Prompt ->
Word for word, reproduce all entries below, leaving every picture out.

· · · · · · ·

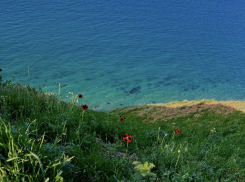 В День бывших супругов в Анапе будет облачно с прояснениями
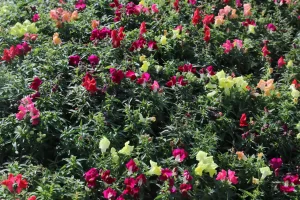 Antalya’da kışlık çiçeklerle rengarenk kent silüeti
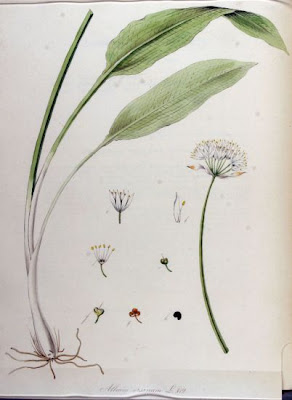 Gypsy onion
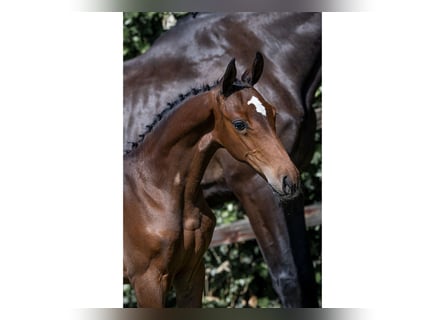 KWPN, Stallion, 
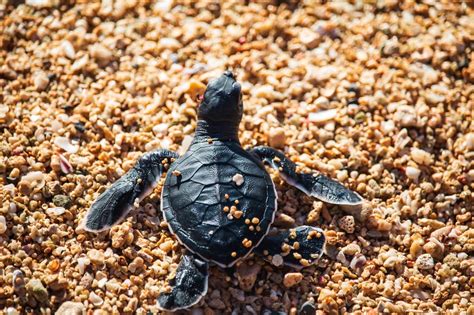 LOOK: Endangered marine turtles released in Catanduanes | Inquirer News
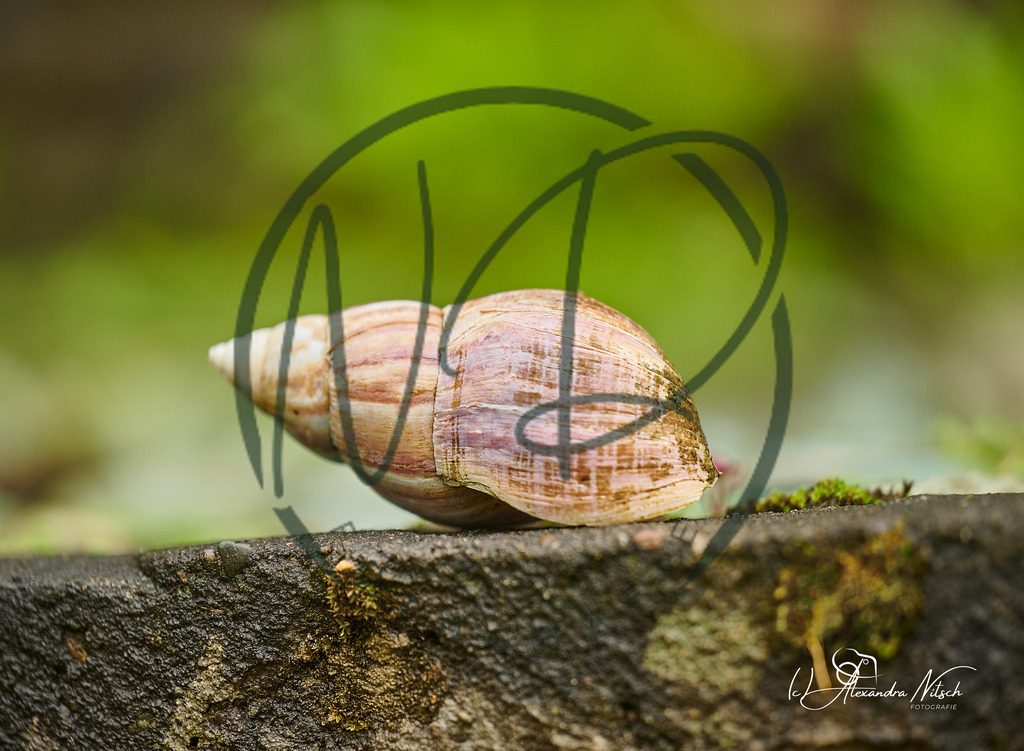 ndfoto_DSC_0748_Original (priv. Nutzung)_b0603dd4_ | nitsch-dingeldein fotografie - Realisiert mit Pictrs.com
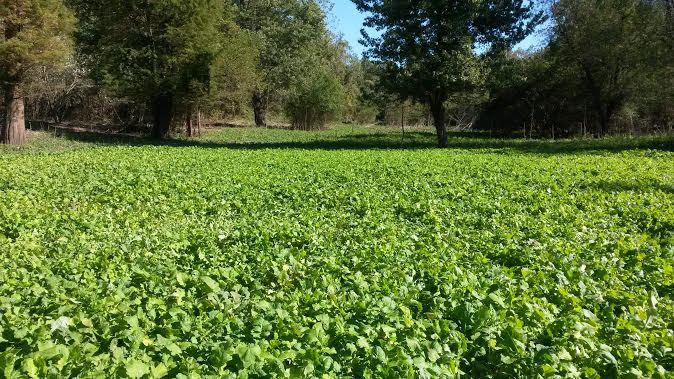 3 LBS DEER GREENS PURPLE TOP TURNIP DAIKON RADISH RAPE SEED DEER FOOD PLOT SEED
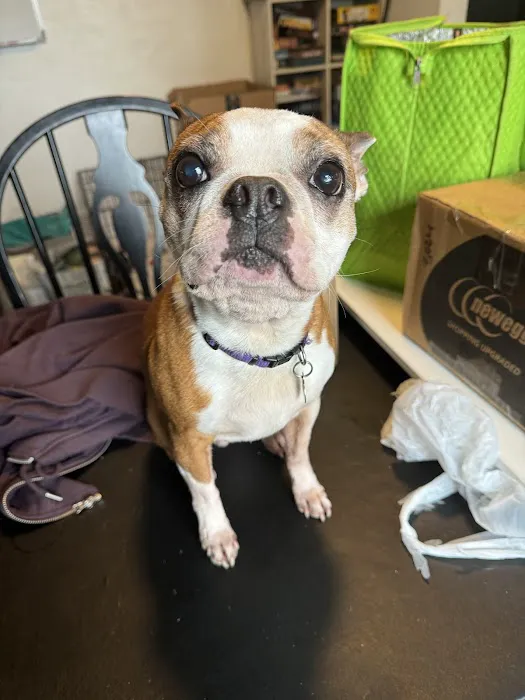 Orchard View Veterinary Center Picture 10
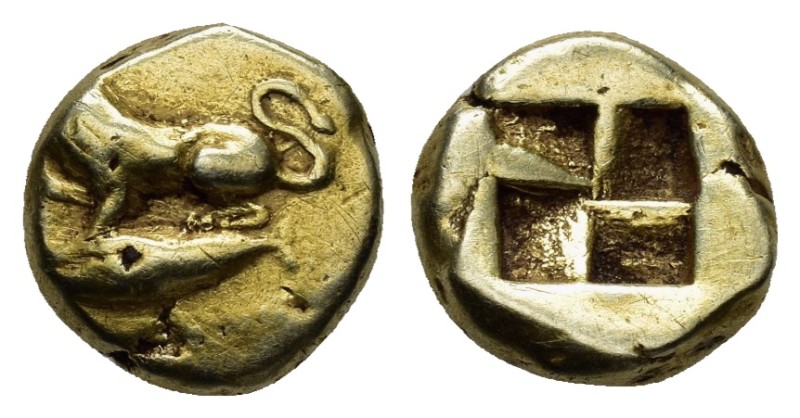 MYSIA. Cyzikos.(circa 500-450 BC). EL Hekte - 1/6 Stater.

Obv : Lioness or pa...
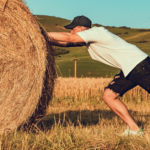 Canva-Photo-of-Man-Pushing-Hay-Bale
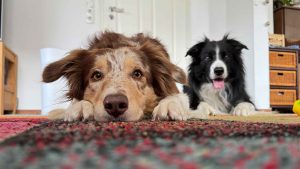 Sunna ist der Hundekongresshund 2026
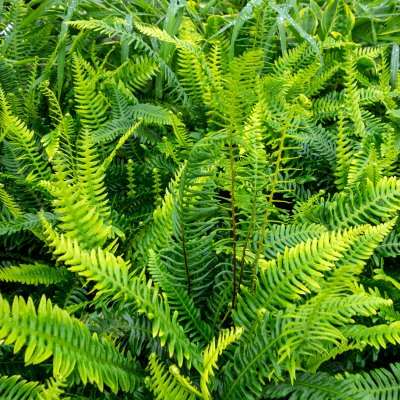 Blechnum spicant, Kambräken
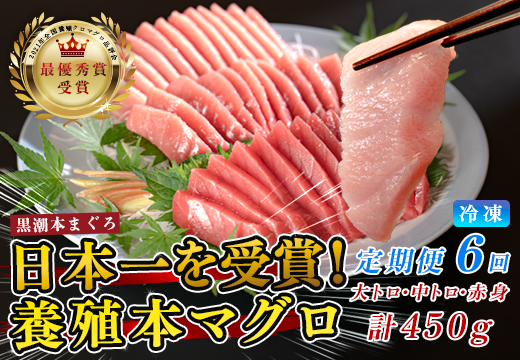 まぐろ マグロ 本鮪 黒潮本まぐろ 大トロ 中トロ 赤身 定期便 6回 計450g × 6回 刺身 さしみ 最優秀賞 全国養殖クロマグロ品評会 受賞 魚 魚介類 海鮮 柵 サク 冷凍 お取り寄せ 産地直送 ギフト 贈答  高知県 大月町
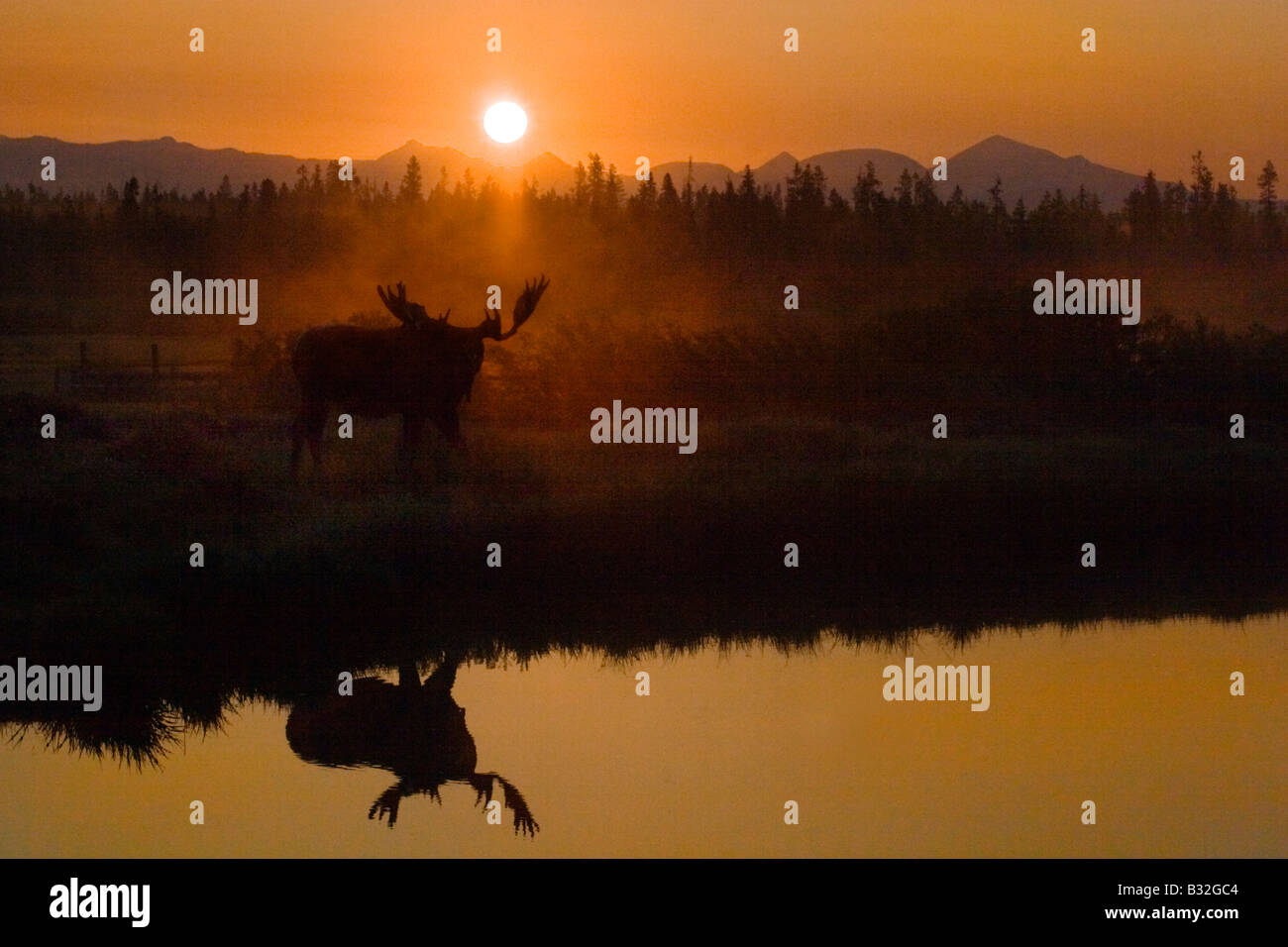 A MOOSE Alces alces on the bank of the YELLOWSTONE RIVER at sunrise YELLOWSTONE NATIONAL PARK WYOMING Stock Photo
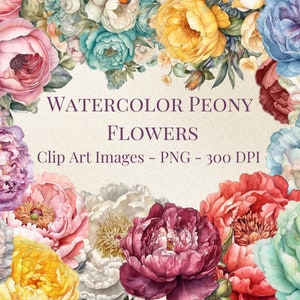 Aquarell Pfingstrose Clip Art -- PNG Format -- Transparenter Hintergrund -- Sofort Download --
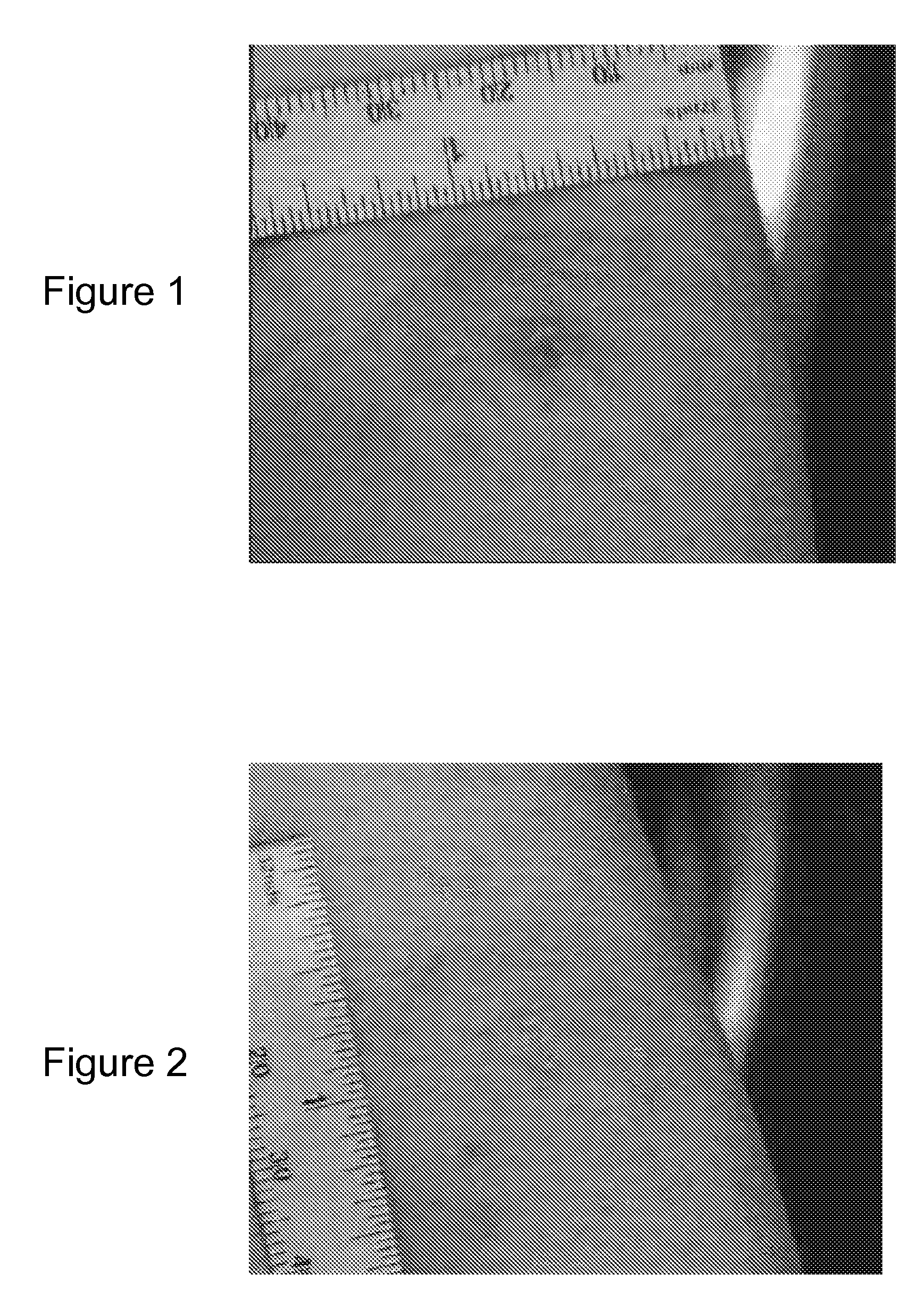 Methods of treating skin disorders with caffeic acid analogs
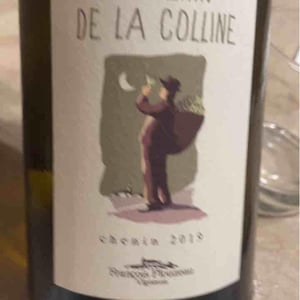 Domaine de la Garreliére - Pascale & François Plouzeau - Le Chenin De La Colline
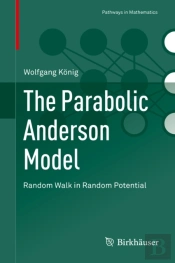 Parabolic Anderson Model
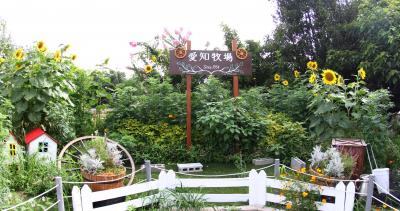 愛知牧場・四季彩の丘・ヒマワリ&黄花コスモス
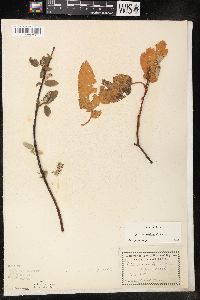 Salix pyrifolia image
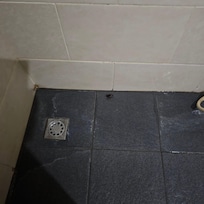ROACH. Another one dead in bathroom and they want to keep my money when Ileft thenext day.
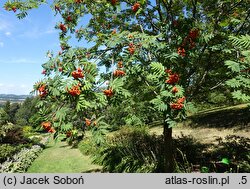 Sorbus Krasnaja Krupnaja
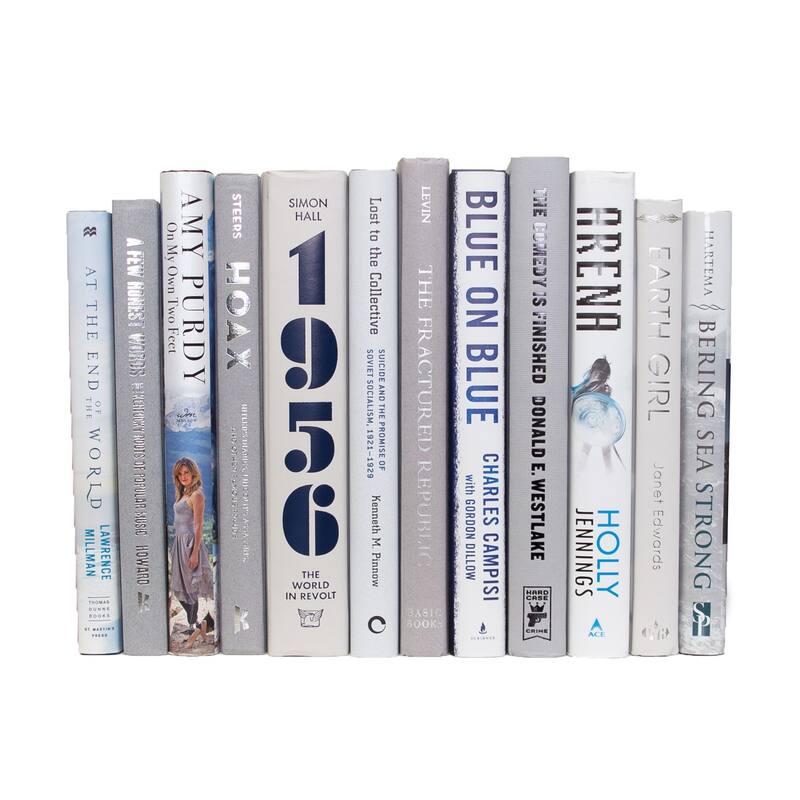 Books Blue Decorative Accessories: Blue Ice Mixed Media ColorPak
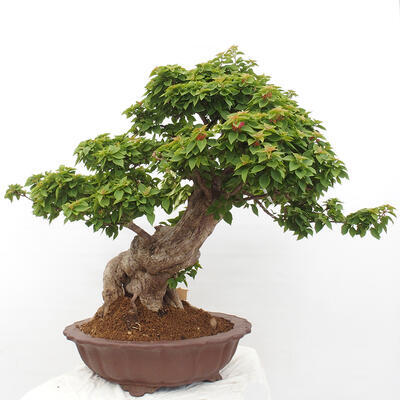 Izbová bonsai - Bouganwilea - 4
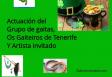 Irmandade galego-irlandesa no Centro Galego de Santa Cruz de Tenerife.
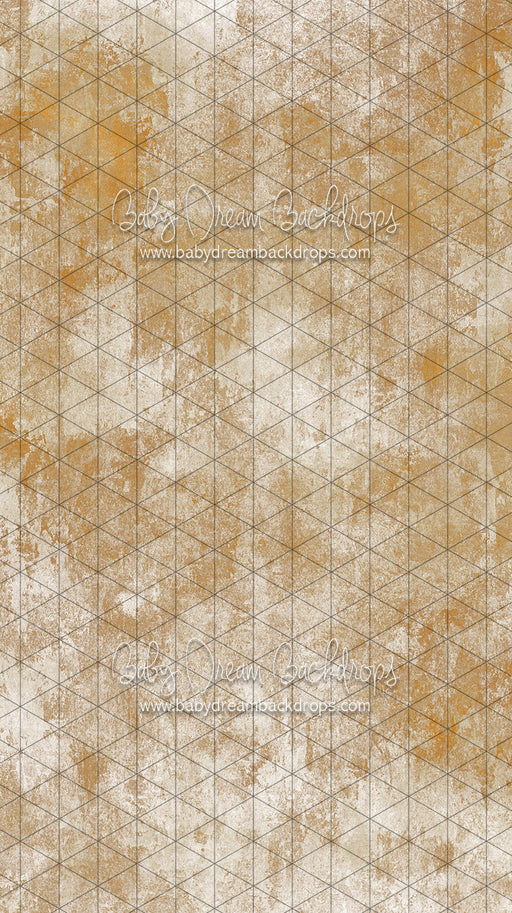 Sweeps Texture Town Reno (SS)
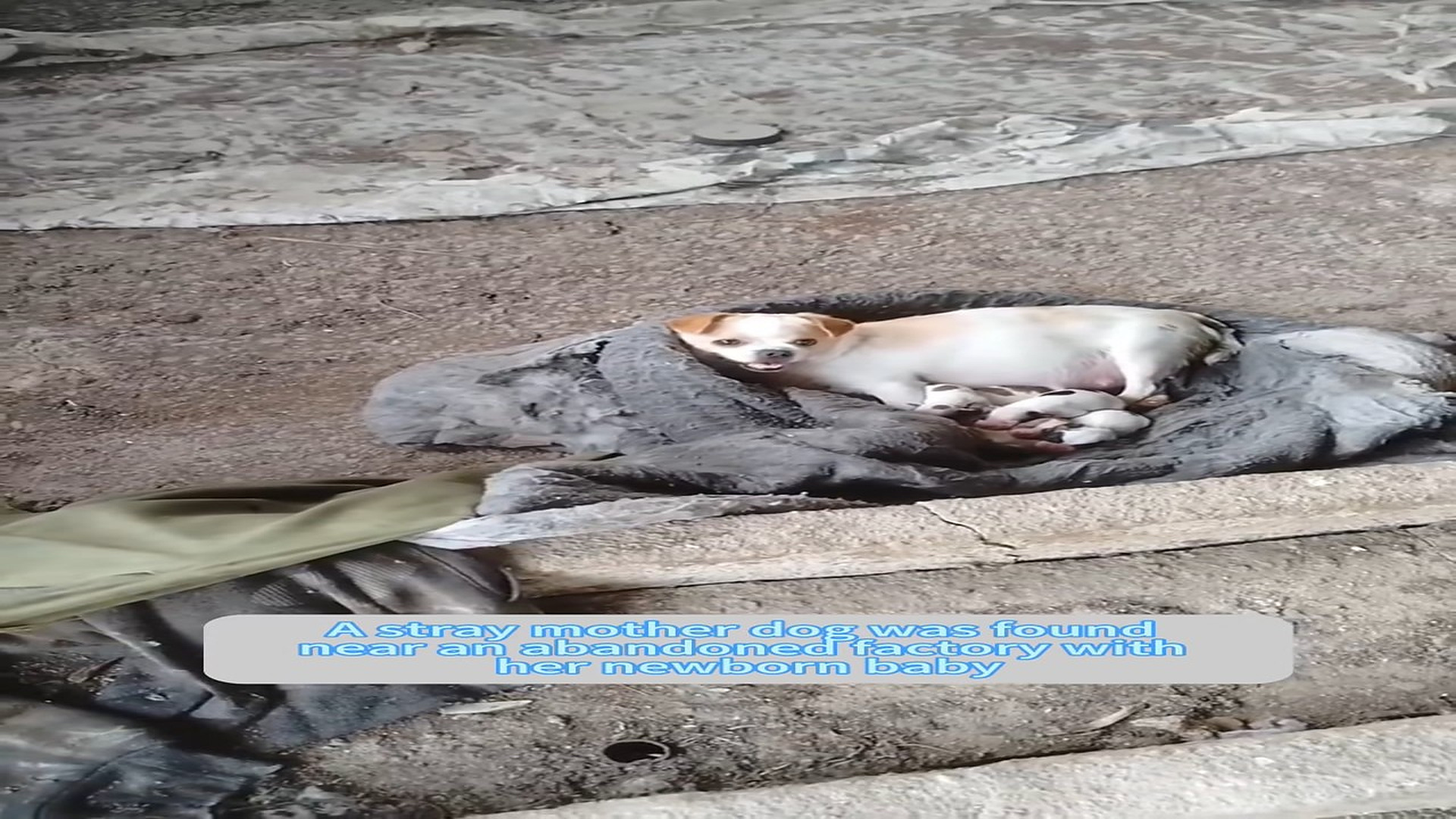 Parte 2 : H1406031_#dogsoftiktok #straydog #rescuedog #doglove #foryou #tiktok #dog (25)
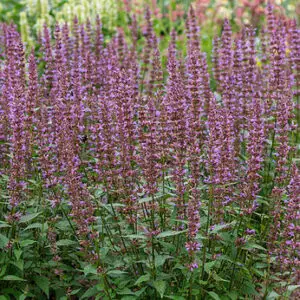 Agastache rugosa Spicey – Kinmėtė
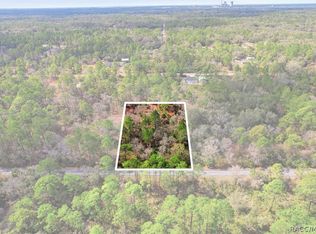 9568 N Dawnflower Ave, Crystal River, FL 34428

· · · · · · ·

Written solution ->
 В День бывших супругов в Анапе будет облачно с прояснениями
 Antalya’da kışlık çiçeklerle rengarenk kent silüeti
 Gypsy onion
 KWPN, Stallion, 
 LOOK: Endangered marine turtles released in Catanduanes | Inquirer News
 ndfoto_DSC_0748_Original (priv. Nutzung)_b0603dd4_ | nitsch-dingeldein fotografie - Realisiert mit Pictrs.com
 3 LBS DEER GREENS PURPLE TOP TURNIP DAIKON RADISH RAPE SEED DEER FOOD PLOT SEED
 Orchard View Veterinary Center Picture 10
 MYSIA. Cyzikos.(circa 500-450 BC). EL Hekte - 1/6 Stater.

Obv : Lioness or pa...
 Canva-Photo-of-Man-Pushing-Hay-Bale
 Sunna ist der Hundekongresshund 2026
 Blechnum spicant, Kambräken
 まぐろ マグロ 本鮪 黒潮本まぐろ 大トロ 中トロ 赤身 定期便 6回 計450g × 6回 刺身 さしみ 最優秀賞 全国養殖クロマグロ品評会 受賞 魚 魚介類 海鮮 柵 サク 冷凍 お取り寄せ 産地直送 ギフト 贈答  高知県 大月町
 A MOOSE Alces alces on the bank of the YELLOWSTONE RIVER at sunrise YELLOWSTONE NATIONAL PARK WYOMING Stock Photo
 Aquarell Pfingstrose Clip Art -- PNG Format -- Transparenter Hintergrund -- Sofort Download --
 Methods of treating skin disorders with caffeic acid analogs
 Domaine de la Garreliére - Pascale & François Plouzeau - Le Chenin De La Colline
 Parabolic Anderson Model
 愛知牧場・四季彩の丘・ヒマワリ&黄花コスモス
 Salix pyrifolia image
ROACH. Another one dead in bathroom and they want to keep my money when Ileft thenext day.
 Sorbus Krasnaja Krupnaja
 Books Blue Decorative Accessories: Blue Ice Mixed Media ColorPak
 Izbová bonsai - Bouganwilea - 4
 Irmandade galego-irlandesa no Centro Galego de Santa Cruz de Tenerife.
 Sweeps Texture Town Reno (SS)
 Parte 2 : H1406031_#dogsoftiktok #straydog #rescuedog #doglove #foryou #tiktok #dog (25)
 Agastache rugosa Spicey – Kinmėtė
 9568 N Dawnflower Ave, Crystal River, FL 34428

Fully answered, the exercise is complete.